Multi-objective optimization of stochastic disassembly line balancing with station paralleling

•We focus on stochastic disassembly line balancing problem with station paralleling.•The problem is defined using an AND/OR Graph of the product to obtain disassembly tasks and precedence relations among them.•A genetic algorithm (GA) is proposed to obtain Pareto-optimal solutions.•Effectiveness is compared with goal programming (GP) and a heuristic approach (HA).•The results show that GA is an effective and efficient solution algorithm.

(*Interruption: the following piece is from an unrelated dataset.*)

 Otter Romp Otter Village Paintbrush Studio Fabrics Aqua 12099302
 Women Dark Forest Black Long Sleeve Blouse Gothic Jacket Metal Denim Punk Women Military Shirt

One of the major activities performed in product recovery is disassembly. Disassembly line is the most suitable setting to disassemble a product. Therefore, designing and balancing efficient disassembly systems are important to optimize the product recovery process. In this study, we deal with multi-objective optimization of a stochastic disassembly line balancing problem (DLBP) with station paralleling and propose a new genetic algorithm (GA) for solving this multi-objective optimization problem. The line balance and design costs objectives are simultaneously optimized by using an AND/OR Graph (AOG) of the product. The proposed GA is designed to generate Pareto-optimal solutions considering two different fitness evaluation approaches, repair algorithms and a diversification strategy. It is tested on 96 test problems that were generated using the benchmark problem generation scheme for problems defined on AOG as developed in literature. In addition, to validate the performance of the algorithm, a goal programming approach and a heuristic approach are presented and their results are compared with those obtained by using GA. Computational results show that GA can be considered as an effective and efficient solution algorithm for solving stochastic DLBP with station paralleling in terms of the solution quality and CPU time.